Take any prompt and classify it before coding: join, anti-join, aggregate, conditional aggregate, top-N, dedupe, previous event, running total, funnel, or retention. Then state the grain and eligible rows. Only then write SQL.

A final interview script:

“I will make one row per user first, with the earliest signup and earliest purchase after signup. Then I will aggregate across users to calculate conversion. I am doing it this way to avoid counting multiple events per user and to enforce event order.”

That kind of explanation is what hiring teams remember. SQL interviews reward candidates who make data assumptions visible.
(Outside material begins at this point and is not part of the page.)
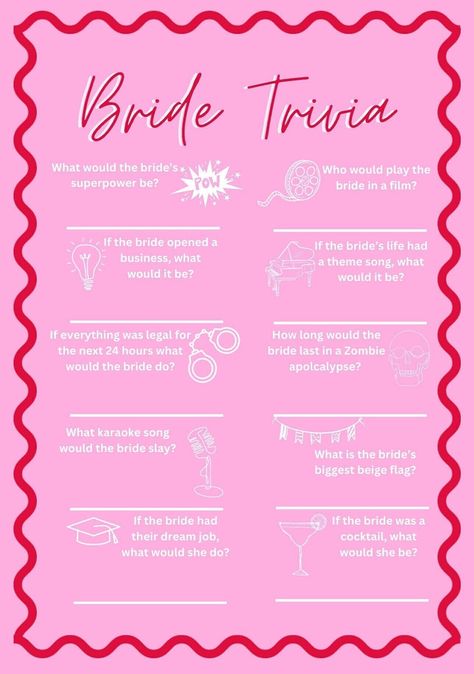 Bridal Trivia template for your hens party games! Answer fun, unique questions about your bride that are bound to get laughs out of your hens party guests!! Once you have downloaded your template, all you need to do is print and ENJOY! :) Bachelorette Party Last Fiesta, Hens Sleepover Party, Bride Trivia Questions, Bachelorette Party Ideas Sleepover, Hens Do Games, Uk Hen Do Ideas, Barcelona Hen Do, Hens Do, Bachelorette Timeline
The syntax matters, but the pattern recognition and metric discipline matter more.

Template 11: weighted averages and ratio metrics

Prompt: “Calculate average order value by month.” Easy. Prompt: “Calculate average conversion rate across campaigns.” Dangerous. Ratio metrics should usually be recomputed from numerator and denominator, not averaged from pre-aggregated percentages.

Bad pattern:

SELECT AVG(conversion_rate) AS avg_conversion_rate
FROM campaign_daily_stats;

Better pattern:

SELECT
  campaign_month,
  SUM(conversions) * 1.0 / NULLIF(SUM(visits), 0) AS conversion_rate
FROM campaign_daily_stats
GROUP BY campaign_month;

Interview line: “I would aggregate the numerator and denominator separately, then divide. Averaging daily rates gives each day equal weight even if traffic is very different.”

How to debug when your query looks wrong

When a SQL answer returns surprising numbers, do not randomly rewrite it. Inspect row counts after each step. Count rows before and after joins. Check duplicate keys. Compare COUNT(*) to COUNT(DISTINCT user_id). Pull five example users through the funnel manually. Add a temporary CTE that shows intermediate grain.

This debugging habit is valuable in interviews because it shows production judgment. A perfect query written silently is good; a query with visible checks is often better. Hiring teams want people who can find the source of metric drift when a dashboard is off by 12%, not just people who can pass a syntax quiz.